Spousal property rights are creatures of state law, so it's critical to familiarize yourself with the laws in your state to achieve your planning objectives. Most states provide a surviving spouse with an "elective share" of the deceased spouse's estate, regardless of the terms of his or her will or certain other documents. The remaining states (except Georgia) are community property states.
Generally, a surviving spouse's elective share ranges from 30% to 50%, though some states start lower and provide for progressively larger shares as the duration of the marriage increases. Perhaps the most significant variable, with respect to planning, is the definition of assets subject to the surviving spouse's elective share rights.
In some states, the elective share applies only to the "probate estate" — generally, assets held in the deceased spouse's name alone that don't have a beneficiary designation. In other states, it applies to the "augmented estate," which is the probate estate plus certain nonprobate assets, such as: revocable trusts; life insurance policies; retirement accounts that pass according to a beneficiary designation or transfer-on-death designation; jointly owned assets that pass automatically to a joint owner; and lifetime gifts made during a specified "lookback" period prior to death.
Elective shares are designed to protect surviving spouses from being disinherited. But there may be good reasons for limiting the amount of property that goes to your spouse when you die. For one thing, your spouse may possess substantial wealth in his or her own name. And you may want most of your estate to go to your children from a previous marriage. Or perhaps the bulk of your wealth is tied up in a family business that you want to keep in the family.
Strategies for minimizing the impact of your spouse's elective share on your estate plan include making lifetime gifts. By transferring property to your children or other loved ones during your lifetime (either outright or through an irrevocable trust), you remove those assets from your probate estate and place them beyond the reach of your surviving spouse's elective share. If your state uses an augmented estate to determine a spouse's elective share, lifetime gifts will be protected so long as they're made before the lookback period or, if permitted, your spouse waives the lookback period.

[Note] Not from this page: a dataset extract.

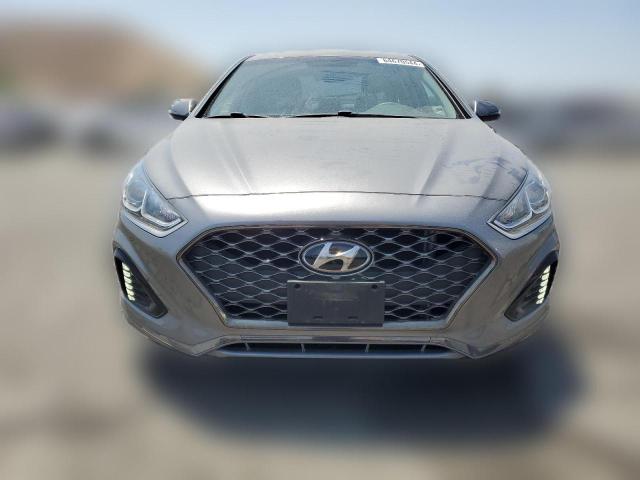 Photo 4 VIN: 5NPE34AFXKH752091 - HYUNDAI SONATA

Another option may be to transfer assets to a revocable trust. In most (but not all) probate-only states, transferring assets to a revocable trust is sufficient to shield them from your spouse's elective share. In augmented estate jurisdictions, the elective share generally applies to revocable trusts. However, the laws of some states provide that the augmented estate only includes assets transferred to a revocable trust during marriage. In that case, it may be possible to protect assets from the elective share by transferring them to a revocable trust before remarrying.

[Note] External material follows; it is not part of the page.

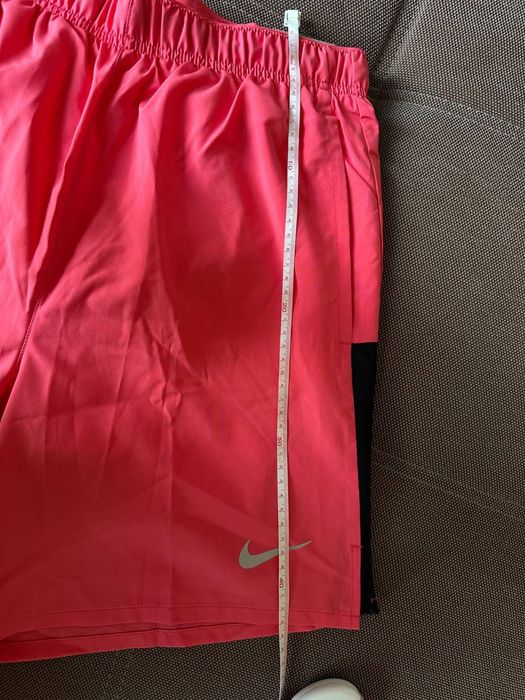 Нові чоловічі бігові шорти Nike Challenger Dri-FIT, S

Other strategies that might be available:
Community property states take a different approach to protecting a surviving spouse's interests. Rather than provide the spouse with an elective share of the deceased spouse's assets, community property laws generally give each spouse an undivided one-half interest in all money earned and property acquired during marriage, regardless of how it's titled. Certain exceptions exist.
In other words, there's no need to give a surviving spouse the ability to override the terms of the deceased spouse's estate plan because the deceased spouse lacks the power to dispose of the surviving spouse's half of the community property. But as in elective share states, there may be strategies to limit the surviving spouse's rights to marital property. For example, the surviving spouse can waive his or her rights to them in a prenuptial or postnuptial agreement.
Remarriage generally requires you to review most of your financial arrangements — and this includes your estate plan. Work with a professional advisor to evaluate the impact of state laws on your plan and to potentially establish a trust or use other strategies to help ensure your wishes will be carried out. Be sure to review your estate plan if you move to another state.